I believe there has been some confusion here. It seems to me that OP is meaning to plot an Airy disk which was studied by G.B. Airy but is not given by the Airy function. It is given by the Fourier transform of the indicator function of the unit circle, which actually happens to be a Bessel function (see e.g. wikipedia).

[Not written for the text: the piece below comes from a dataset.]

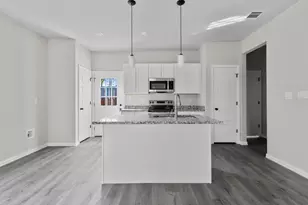 1832 E Broadway Ave, Fort Worth, TX 76104 - Photo 9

If I understood this right, then the correct solution is as follows:

DensityPlot[BesselJ[1, Sqrt[x^2 + y^2]]/Sqrt[
            x^2 + y^2], {x, -60, 60}, {y, -60, 60}, PlotPoints -> 100, 
            PlotRange -> All]

enter image description here

You can play around with the options of DensityPlot to increase the contrast, add a legend, or change the colour scheme into something more similar to your intended image. I leave this to you.

--

For the mathematically inclined: we are dealing with what we physicists call Fraunhofer diffraction. Given a profile $f(x_1,x_2)$, the corresponding diffraction pattern is proportional to $\tilde f(\xi_1,\xi_2)$. In our case, the profile is a solid disk, so $f(x_1,x_2)=1_{D(1)}=\theta(1-\sqrt{x_1^2+x_2^2})$, with $\theta$ the step-function.

Unfortunately,

FourierTransform[HeavisideTheta[1 - Sqrt[x^2 + y^2]], {x, y}, {a, b}]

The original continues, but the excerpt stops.